Cloud migration is not an infrastructure project. It is a business transformation that touches licensing, compliance, team skills, operational processes, disaster recovery, and cost governance. The organizations that treat it as “just moving VMs” are the ones that end up in the 75% failure statistic.


References


Frequently Asked Questions

How many workloads should I migrate per wave?

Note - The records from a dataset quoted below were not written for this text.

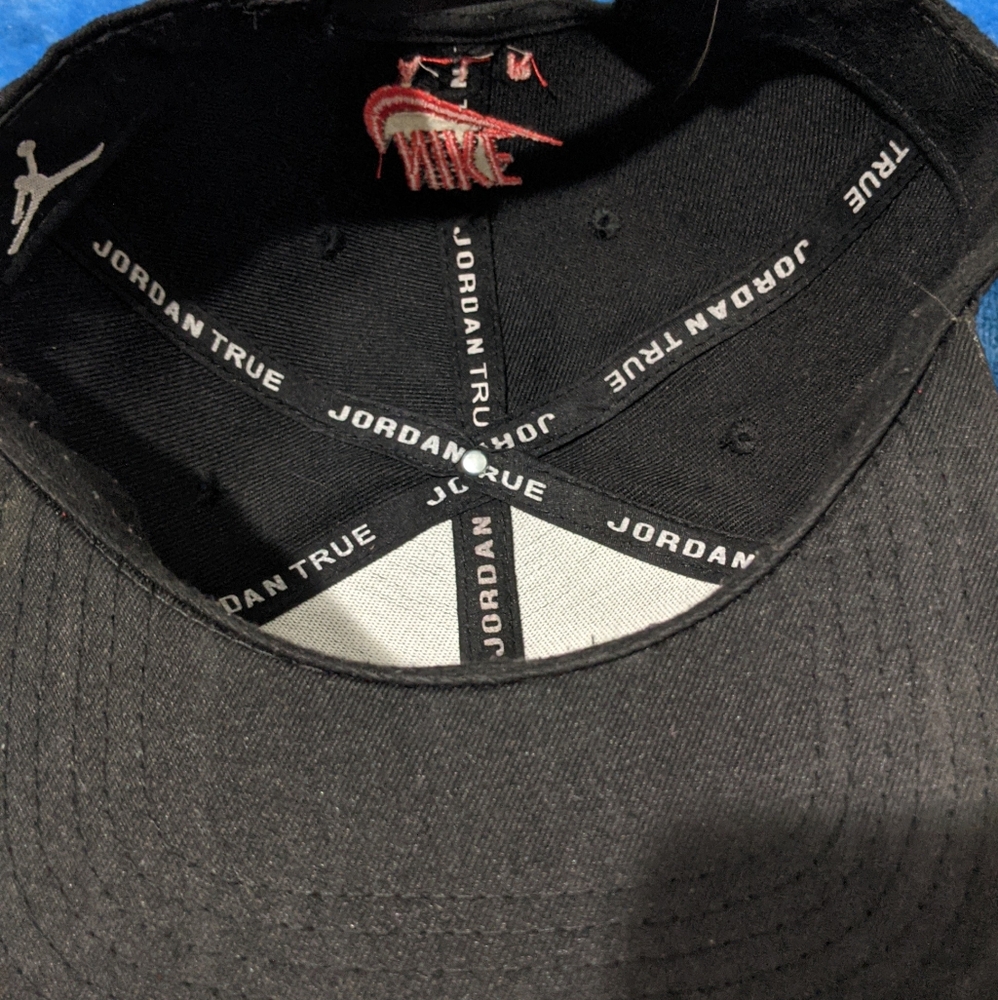 Jordan hat - Picture 3 of 3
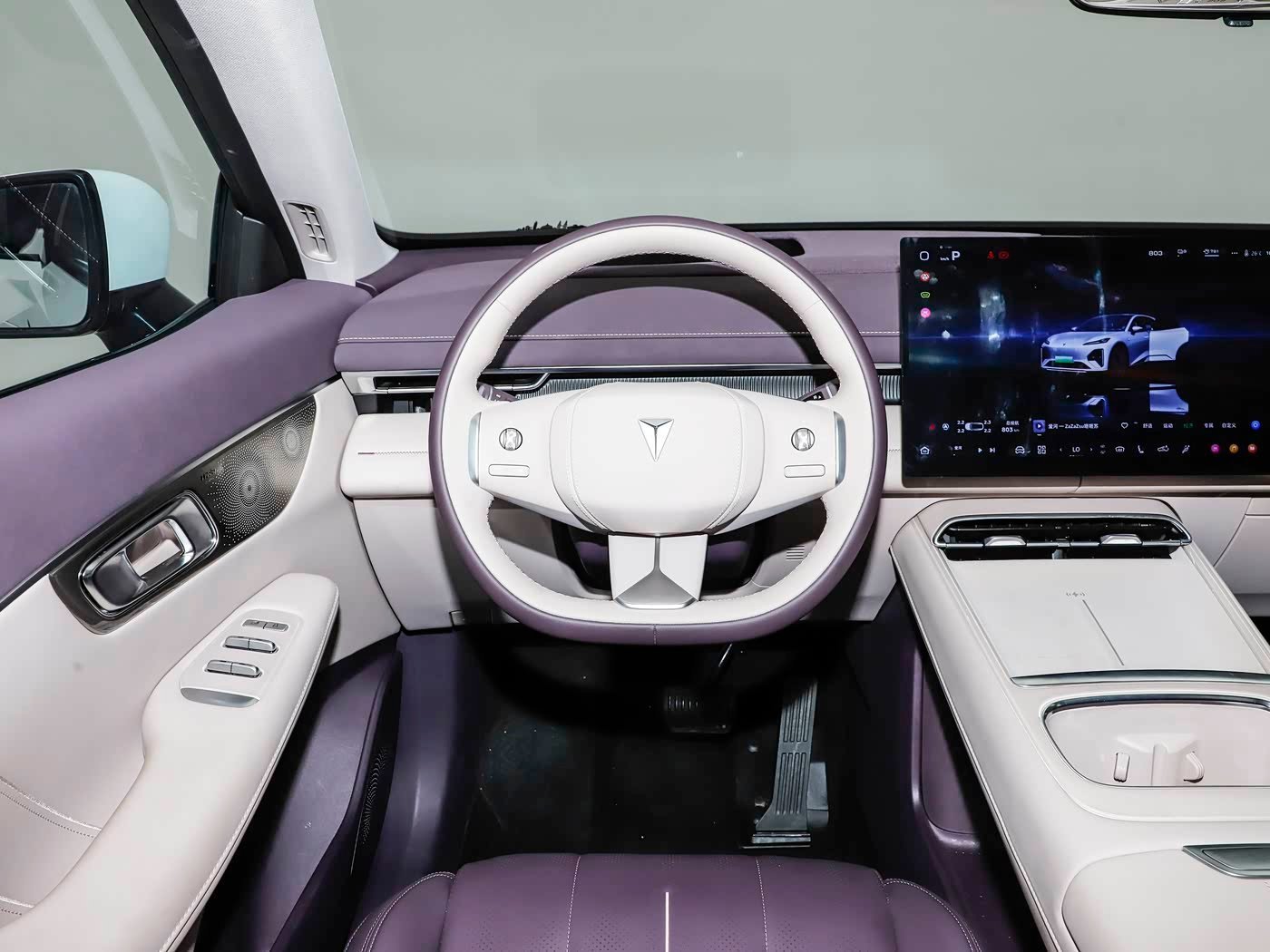 Deepal S07, interior Morado, vista 2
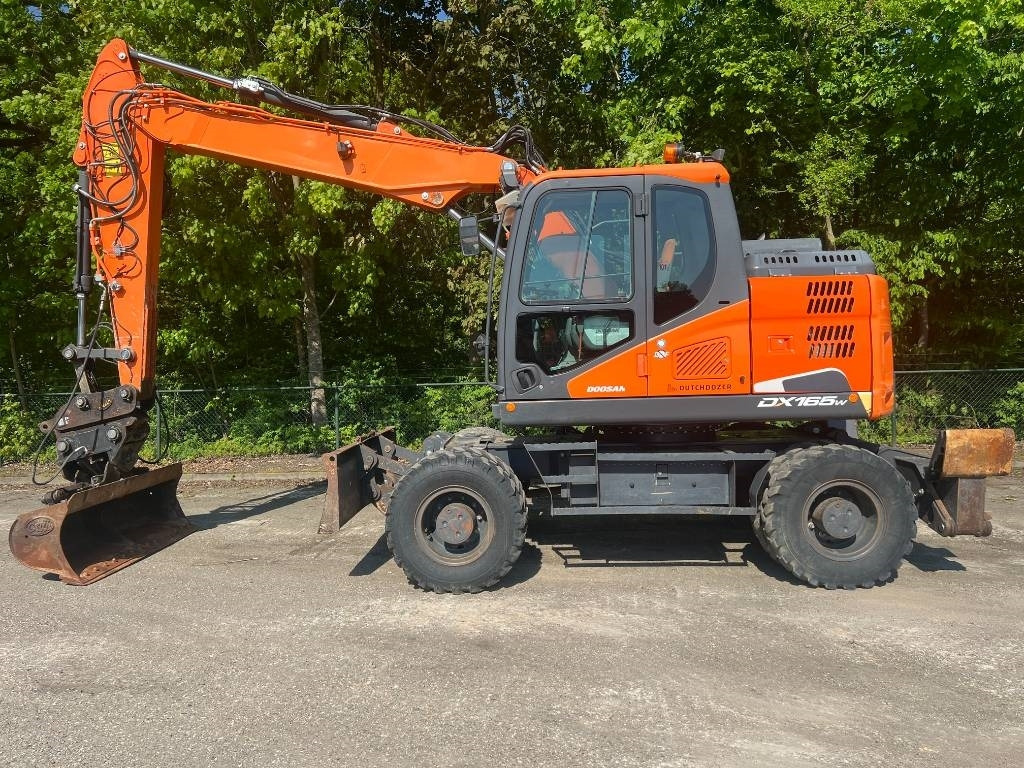 Doosan DX 165 W-5 - Bager na kotačima: slika Doosan DX 165 W-5 - Bager na kotačima Doosan DX 165 W-5 - Bager na kotačima: slika Doosan DX 165 W-5 - Bager na kotačima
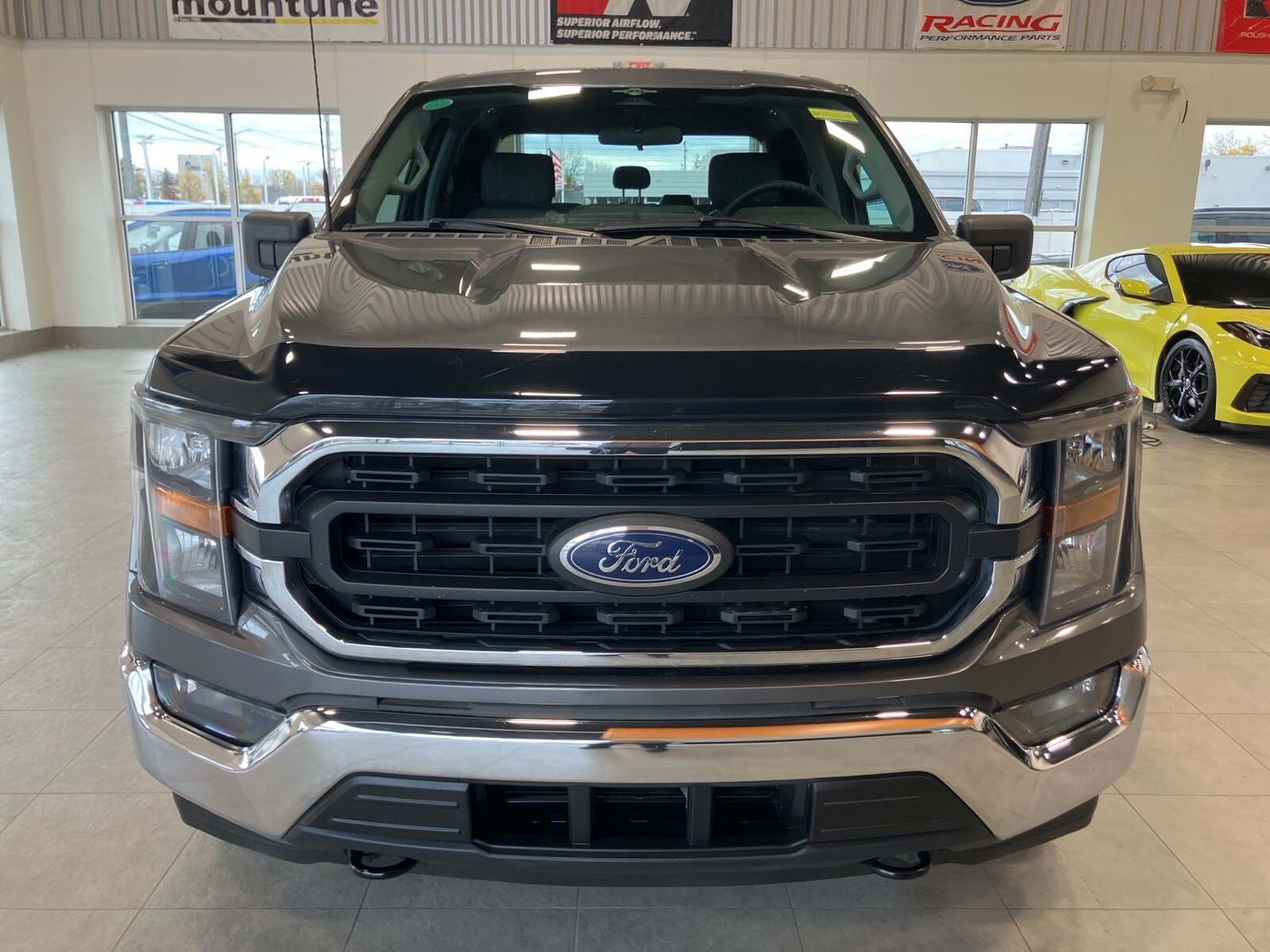 2023 Ford F-150 XLT photo 2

Start with 3 to 5 workloads in the pilot wave, then scale to 8 to 12 per wave as your team gains confidence. Each wave should contain workloads with similar dependency profiles and risk levels. Never mix high-risk database migrations with low-risk application moves in the same wave. Allow 2 weeks of stability between waves to catch delayed issues before introducing new variables.

How long should I keep on-prem running after cloud migration?

Keep the on-prem environment fully operational for at least 30 to 90 days after the final workload cutover. This is your rollback safety net. Budget for this double-run period explicitly in the migration cost estimate. For regulated industries like healthcare and finance, 90 days is the recommended minimum. Shutting down on-prem prematurely eliminates your ability to recover from post-migration issues that surface weeks after cutover.

How do I reduce cloud costs after migration?

Start with right-sizing: most teams over-provision by 40 to 60% during migration. After 30 days of metrics, downsize instances with average CPU under 20%. Delete orphaned resources like detached EBS volumes and unused Elastic IPs. Implement auto-scaling for variable workloads. Move infrequently accessed data to cheaper storage tiers like S3 Infrequent Access or Glacier. After 60 days of stable usage, purchase Reserved Instances or Savings Plans for steady-state workloads to save 30 to 60%.

How does disaster recovery change in the cloud?

Cloud DR replaces tape backups and physical secondary sites with automated snapshots, cross-region replication, and Infrastructure as Code. RDS automated backups provide point-in-time recovery with 5-minute granularity. EBS snapshots can be copied to other regions automatically. Terraform or CloudFormation can rebuild the entire environment in a new region in under 2 hours. Most organizations see RTO improve from 14 to 24 hours on-prem to under 1 hour in the cloud, with RPO improving from days to minutes.

Should I replace Nagios with CloudWatch after cloud migration?

Do not replace monitoring tools on day one. Run your existing monitoring (Nagios, Zabbix) in parallel with the new cloud-native tool (CloudWatch, Datadog, Grafana Cloud) for at least 4 weeks. Verify that the new tool catches every alert the old tool would have caught. Only decommission the legacy monitoring after confirming zero gaps. Teams that shut down Nagios immediately have reported 2 to 5 days of blind spots where production issues went undetected.